象の耳 歩み

第2章~16話:歪んだ歪(ゆがんだひずみ)

バンドを抜け象の耳を本業にすると決めたのはいいのですが、問題は山積みです。

しかし、いつものように最終ゴールを決め、その中間ゴールを何箇所も細かく決め、その小さなゴールへの到達に向けて頑張るという方式にし、まずは問題を全て洗い出してどうやったらクリア出来るかを考えました。

最終的な目標は「象の耳を多くの方々に食べて頂き、喜んでもらう事。
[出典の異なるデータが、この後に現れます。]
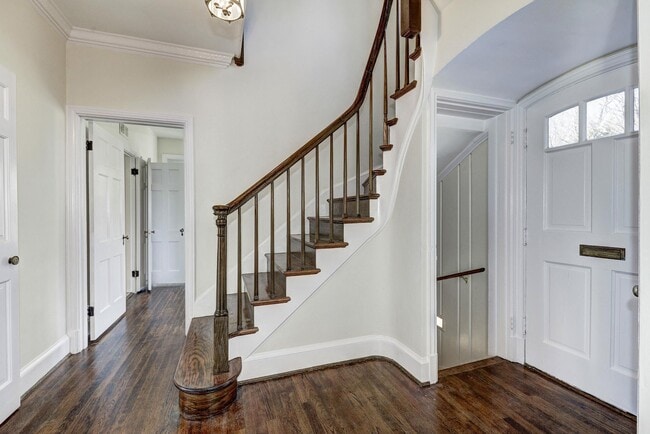 Building Photo - 4910 Hillbrook Ln NW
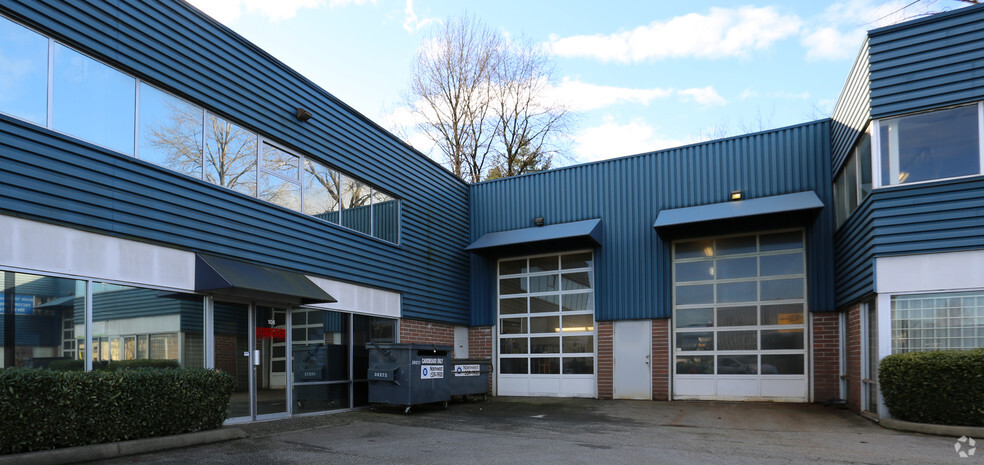 1875 Broadway St, Port Coquitlam, BC à louer - Photo de l’immeuble – Image 3 sur 7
」です。

となると、お店を沢山出さないと無理です。
という事は、自分しか作れないようでは駄目です。
生産が追いつかなくなるでしょう。
でも誰でも作れるようでは真似されてしまうので・・・

・・・どうしたら良いんだろう?

そんな考えが常に頭の隅にありながらも、夜な夜な生地の改良実験を繰り返しつつ、平日はスーパーを周り、週末は遊園地で営業を繰り返し、暇な時間や往復の運転中に色々と今ある問題について考えました。
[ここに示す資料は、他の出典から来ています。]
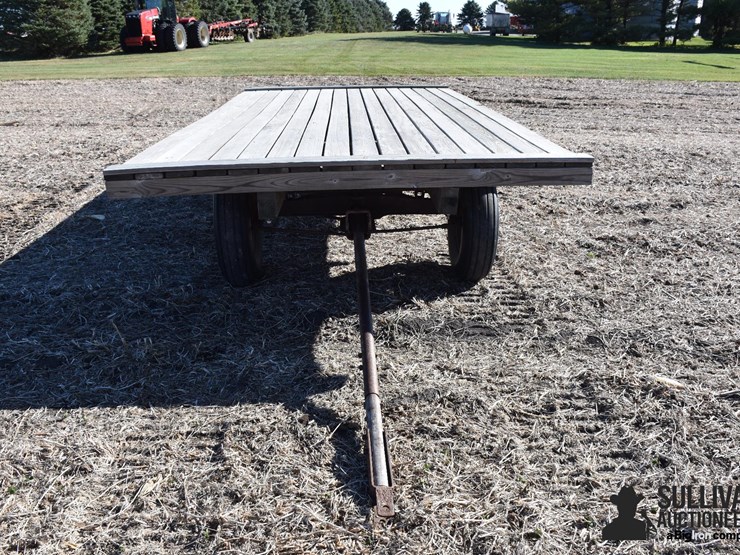 wooden-hayrack-image-2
そして問題というものは、細分化すればする程に答えがみつけやすい事に気づきました。
なのでそれに気づいてからは、問題点があると漠然とどうしよう~と悩むのは辞め、自分と向かい合い正直に問題や悩みを全部とにかく書き出してどんどん細かく分解して考えるようにしました。

そして細かい問題点をクリアしていくと、最終的には大きな問題解法への糸口が見えたりするのです。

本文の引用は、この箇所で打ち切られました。